Les nouvelles de Leo Cavallo sont très semblables au spritz, ce cocktail, prétexte à l’un de ses récits : à la fois pétillantes et douces-amères ; elles ont ce je ne sais quoi qui fait tout le charme de l’Italie et sont la démonstration que l’humour est la politesse du désespoir.

Laissez-vous entraîner dans cette joyeuse ronde de paysages sublimes, de jolies femmes, de motos rugissantes et de cuisine ensoleillée, qui tourne autour d’un même thème : la fin d’un être ou celle d’un objet.

D’aucuns ont opposé à la nouvelle – Coup d’un soir – le roman – Grande histoire d’amour – Peut-être… en tout cas, ces nouvelles sont de très bons coups !

Petits bouts de rien

« Et vous plongez dans la foule qui s’écrase les pieds de manière organisée, sans pardon, avec un regard qui ne voit rien que le vêtement désiré, fantasmé, admiré, deux semaines avant, dans la devanture d’une boutique, mais trop cher pour leurs moyens qui sont toujours insuffisants au regard de leurs désirs. Retour à la vie, la vraie. »

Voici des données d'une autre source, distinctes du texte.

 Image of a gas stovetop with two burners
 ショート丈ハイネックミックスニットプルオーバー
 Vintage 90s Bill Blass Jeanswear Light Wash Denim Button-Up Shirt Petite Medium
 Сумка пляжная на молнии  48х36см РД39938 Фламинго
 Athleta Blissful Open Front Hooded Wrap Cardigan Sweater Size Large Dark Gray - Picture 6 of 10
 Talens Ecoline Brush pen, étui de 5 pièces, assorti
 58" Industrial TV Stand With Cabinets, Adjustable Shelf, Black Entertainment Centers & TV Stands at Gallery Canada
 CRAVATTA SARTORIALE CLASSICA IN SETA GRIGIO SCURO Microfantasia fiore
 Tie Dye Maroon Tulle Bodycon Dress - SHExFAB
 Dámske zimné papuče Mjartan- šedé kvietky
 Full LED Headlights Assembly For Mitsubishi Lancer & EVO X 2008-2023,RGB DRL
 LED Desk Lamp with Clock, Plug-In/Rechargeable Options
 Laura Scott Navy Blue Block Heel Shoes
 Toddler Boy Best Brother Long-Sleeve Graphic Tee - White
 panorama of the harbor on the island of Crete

Comment résoudre l’équation du bonheur ? La force de l’âge rend la quête plus simple. Tout l’exercice consiste à retrouver la capacité à s’émerveiller. La solution devient alors évidente : vivre pleinement l’instant présent.

Du quotidien jusqu’aux réflexions intimistes, Loup Francart raconte ce qui compose les mille moments de l’existence. Les instants poétiques où les parisiennes flottent sur les trottoirs, ceux de la déclaration d’impôts, plus prosaïques, ou encore l’irruption d’un sentiment d’éternité au détour d’un chemin, le défi des artistes face à l’infinité des combinaisons de la création, les petits changements de société transformant les regards et les relations.

De l’humour, de la tendresse, de l’ironie, de la nostalgie, avec un regard poétique ou méditatif qui transporte le lecteur dans les mystères de la vie et du bonheur.